The new path is intended for high-throughput attention workloads on Adreno, especially:

  • large prefill
  • large noncausal attention
  • shapes where the current fa or nofuse routes are too slow, run out of memory, or fail to run

This PR does not claim a decode speedup.

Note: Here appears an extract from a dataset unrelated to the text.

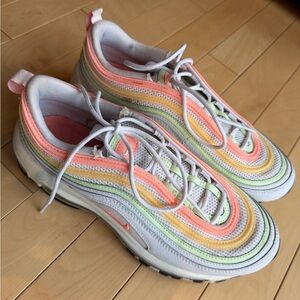 2020 Nike Wmns Air Max 97 Essential 'White Melon Mint Volt' size 9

In current q=1 decode tests, the existing fa / nofuse routes are still faster.

Implementation

  • adds Adreno xmem attention kernels for:
    • Q/K/V staging
    • K/V packing
    • QK GEMM
    • softmax
    • PV GEMM
  • wires the path into ggml-opencl runtime behind an explicit env gate
  • adds test-opencl-adreno-attn to reproduce correctness and route-to-route performance
  • compiles the dedicated xmem QK/PV translation units before the rest of the OpenCL kernel set

Why the compile order change exists

On current Adreno drivers, compiling the xmem QK/PV kernels later in the overall OpenCL kernel load sequence can produce a materially slower device binary even with identical source and build options.

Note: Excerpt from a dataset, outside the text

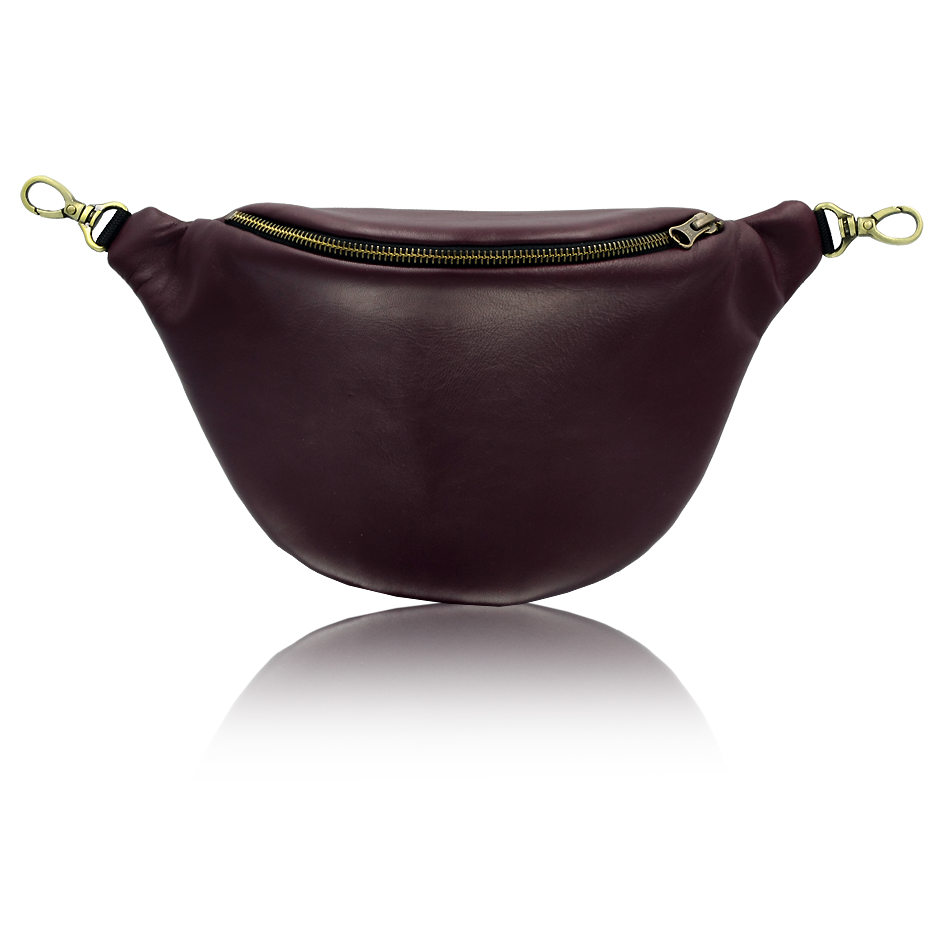 NERKA - Leather Burgundy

This PR keeps a deterministic early compile order for the xmem QK/PV units because that is currently the most stable way to preserve the fast binary on device.

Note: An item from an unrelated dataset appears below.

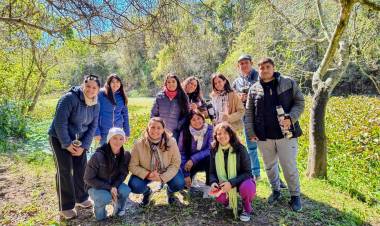 GRAL. SAN MARTÍN: CAPACITACIÓN EN TURISMO RURAL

A future follow-up may be able to remove this compiler-order sensitivity by expressing the hot loop more directly, for example via the already-observed QCOM inline-asm path, but that is not part of this PR.

Correctness coverage

The new path was rechecked for:

  • noncausal + GQA
  • causal + GQA
  • decode

Representative correctness results:

  • noncausal + GQA:
    • dq=128 dv=128 nq=256 nkv=512 n_head=8 n_head_kv=2
    • mae=6.7302e-05
    • max_abs=8.9369e-04
    • cos=0.999993535
  • causal + GQA:
    • dq=128 dv=128 nq=256 nkv=256 n_head=8 n_head_kv=2
    • mae=7.8839e-05
    • max_abs=9.92954e-04
    • cos=0.999999313
  • decode:
    • dq=128 dv=128 nq=1 nkv=512 n_head=8 n_head_kv=2
    • mae=7.4717e-05
    • max_abs=4.90941e-04
    • cos=0.999992445

Device

  • Qualcomm Adreno 830
  • OpenCL 3.0 QUALCOMM build 0800.56.1

All throughput numbers below are full-route gpu_ms / effective TOPS, not qk+pv core-only accounting.

Performance tests

1. Large noncausal Z-Image-like shape

Shape:

  • H=30, L=4224, D=128
  • noncausal
  • --mask 0 --causal 0

Results:

  • xmem: 188.606 ms / 1.453 TOPS
  • fa: process killed by system
  • nofuse: OOM

This is one of the main motivations for the PR: the xmem path runs a shape that the current alternatives do not handle robustly.

2. Large noncausal throughput comparison

Shape:

  • H=30, L=2048, D=128
  • noncausal
  • --mask 0 --causal 0

Results:

  • xmem: 49.852 ms / 1.292 TOPS
  • fa: 2015.568 ms / 0.03196 TOPS
  • nofuse: 148.097 ms / 0.4350 TOPS

Relative speedup:

  • xmem vs fa: about 40.4x
  • xmem vs nofuse: about 3.0x

3. Large causal prefill throughput comparison

Shape:

  • H=30, L=2048, D=128
  • causal prefill
  • --mask 0 --causal 1

Results:

  • xmem: 46.069 ms / 1.398 TOPS
  • fa: 2150.036 ms / 0.02996 TOPS
  • nofuse: 2155.344 ms / 0.02989 TOPS

Relative speedup:

  • xmem vs fa: about 46.7x
  • xmem vs nofuse: about 46.8x

This is the strongest high-throughput prefill case in the current set.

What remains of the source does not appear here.